The teaching is based on a combination of three passages of Scripture: 2 Corinthians 5:21, Habakkuk 1:13, and Matthew 27:46. In 2 Corinthians 5, however, Paul’s point is not that Jesus assumed a sin nature, as is claimed by so many. Had He done so, He would no longer be the perfect sacrifice required by the sacrificial system (Exodus 12:5) and described by writers of the New Testament (1 Peter 1:18-19). It also does not explain why just two verses earlier, Paul was declaring that quite the opposite of abandoning Jesus during the Crucifixion, “God was in Christ, reconciling the world to Himself” (v. 19)! Further, both Old Testament (Exodus 29:14; 30:10. Leviticus 4:32; 5:6, etc.) and New Testament usage including Paul himself (Romans 8:3) employ the word “sin” in these contexts as a shorthand way of referring to the “sin offering” rather than to an act of disobedience to God.

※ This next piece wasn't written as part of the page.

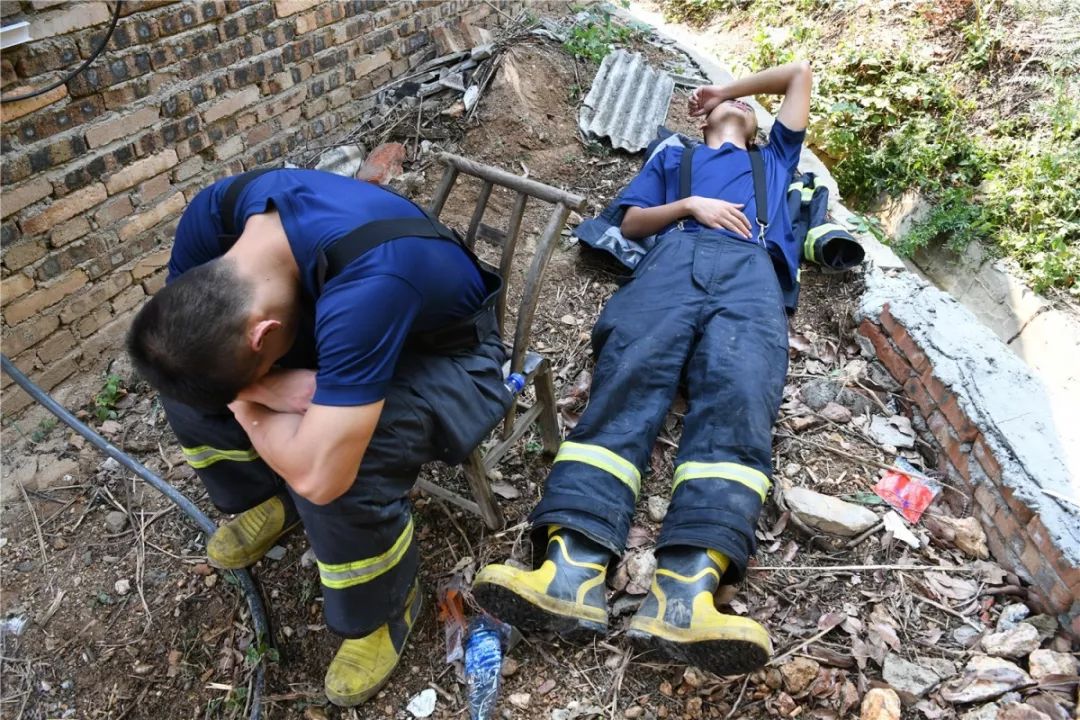 郴州百名消防指战员星夜驰援衡东森林火灾现场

This kind of biblical “shorthand” is in no way different from other technical terms used in reference to aspects of the sacrificial system, such as “the Passover lamb” which is more often shortened to “the Passover” (compare “Passover sacrifice” in Exodus 21:21 to “the Passover” in Exodus 12:21, 43; Numbers 9:10-12, Deuteronomy 16:2, 5, and 6, and this technical “shorthand is also seen in New Testament texts like Luke 22:11, 15, etc.). For Paul, then, Jesus did not become “sin”; rather He became a “sin offering” — a perfect sacrifice for our sins!
Habakkuk 1:13 suffers from similar de-contextualization: this text is not a declaration by God, but a complaint voiced by the prophet. Habakkuk is here arguing with God that He should not be using the more sinful nation of Babylon to judge the less sinful southern kingdom of Judah. The prophet’s argument that the more sinful nation should not be an instrument of God’s justice against a less sinful nation is rejected by God, Who simply declares that Babylon will eventually have to bear an even worse fate.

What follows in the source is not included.